Since the American workforce has become much more mobile in the ensuing years, and the process of 401(k) account movement was (and remains) costly and time-consuming, the introduction of auto enrollment led directly to an explosion of small accounts.

  • According to the Employee Benefit Research Institute (EBRI), 41.3% of plan participants in the EBRI/Investment Company Institute database had under $10,000 in their 401(k) savings accounts as of year-end 2015. This was the database’s highest percentage of 401(k) balances with under $10,000 since year-end 2008, during the financial crisis. 
  • Meanwhile, EBRI also estimates that the average American will hold 9.9 jobs over a 45-year working life. 
  • In addition, a mobile workforce behavior study conducted in 2015 by Boston Research Technologies found that it takes a participant between five and six weeks from beginning to end, on average, to roll a 401(k) savings account from a former employer’s plan to an active account in their new employer’s plan. According to the study, participants also expect to a roll-in transaction to take up to 19 hours of their personal time to complete, on average. That time isn’t cheap—36% of participants value it from $100 to $500, and 8% value it anywhere from $1,000 to $5,000.   

Taken together, the above trends explain why too many participants leave small accounts behind in former-employer plans when they change jobs.

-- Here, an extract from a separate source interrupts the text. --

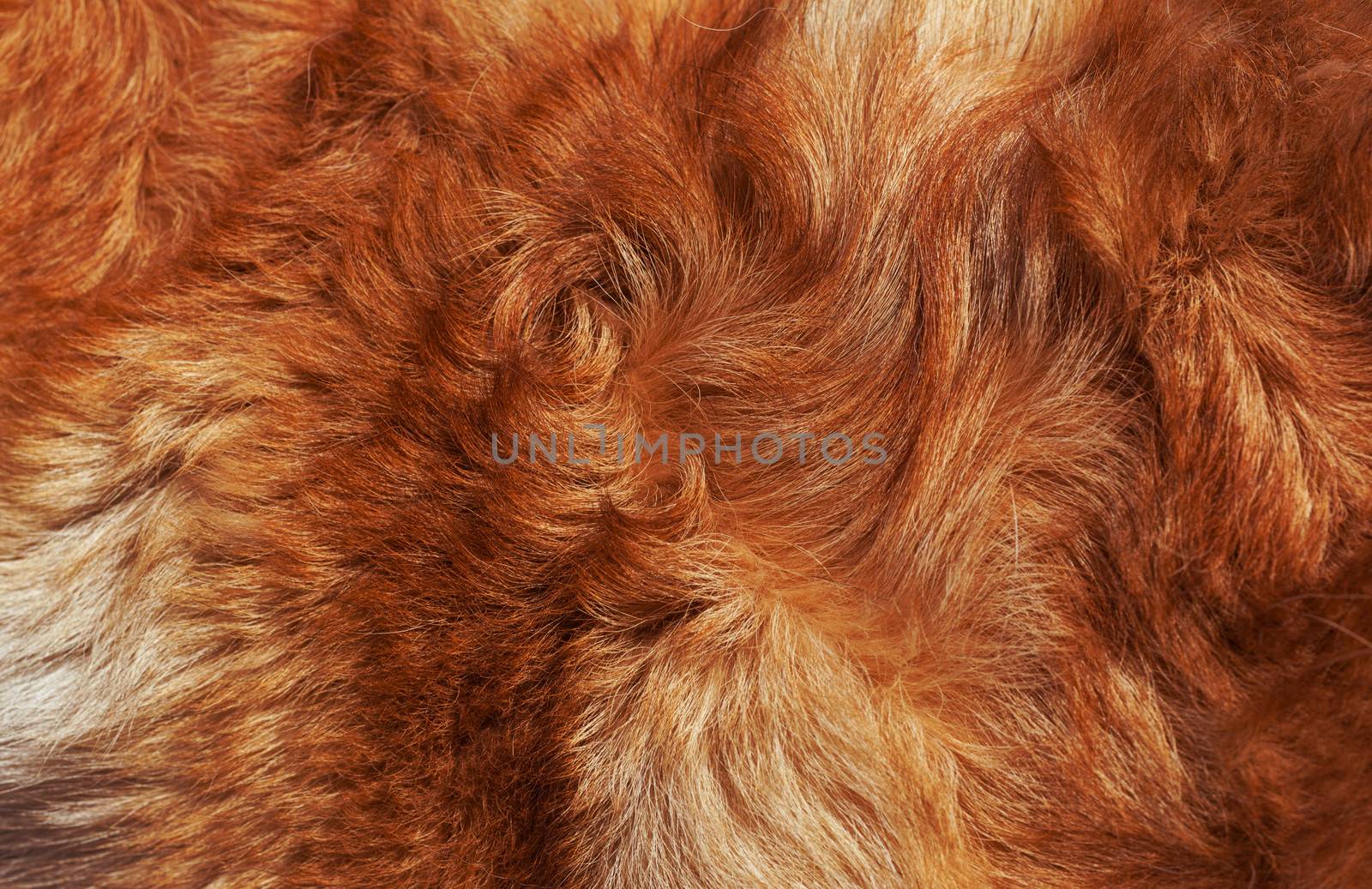 Dog fur close-up. bright-red, yellow, gray, white color.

Don’t waste energy trying to make small accounts disappear

Stranding a small 401(k) account in a former employer’s plan is, unfortunately, not a one-off during the average participant’s working life. EBRI estimates that 14.8 million participants switch employers every year—and the 2015 mobile workforce study by Boston Research Technologies reported that 33% of workers have stranded a 401(k) savings account in a former employer’s plan at least once!

Given how many stranded small accounts remain in the U.S. retirement system, attempting to make them disappear by automatically rolling those with less than $1,000 to the PBGC — while well-intentioned — is not going to produce the best outcomes.

A far more constructive method of preventing the automatic cash-outs of stranded accounts with under $1,000 is to encourage more sponsors to adopt the solutions enabling the movement and consolidation of these accounts into active accounts in participants’ current-employer plans.

Auto portability — the routine, standardized, and automated movement of a retirement plan participant’s 401(k) savings from their former employer’s plan to an active account in their current employer’s plan — has been live for the past four years, and can drive the movement and consolidation of under-$1,000 accounts from terminated participants to their current employers’ plans.

Powered by a proprietary “match” algorithm and “locate” technology, the auto portability solution is also designed to identify and consolidate accounts from lost and missing participants.

If auto portability is adopted across the entire retirement system, EBRI has estimated that up to $2 trillion (measured in today’s dollars) in additional savings would be preserved in the U.S. retirement system — including an estimated $191 billion in retirement savings for 21 million Black Americans, and $619 billion for all minority participants.

Encouraging sponsors to implement the tools to empower auto portability is a more constructive approach to reducing small accounts and preventing automatic cash-outs than automatically transferring them to the PBGC — and the vast majority of participants would welcome this alternative. The 31st Annual Retirement Confidence Survey, conducted by EBRI and Greenwald Research, reported that nearly nine out of 10 workers with access to an employer-sponsored defined contribution plan view auto portability as a valuable benefit.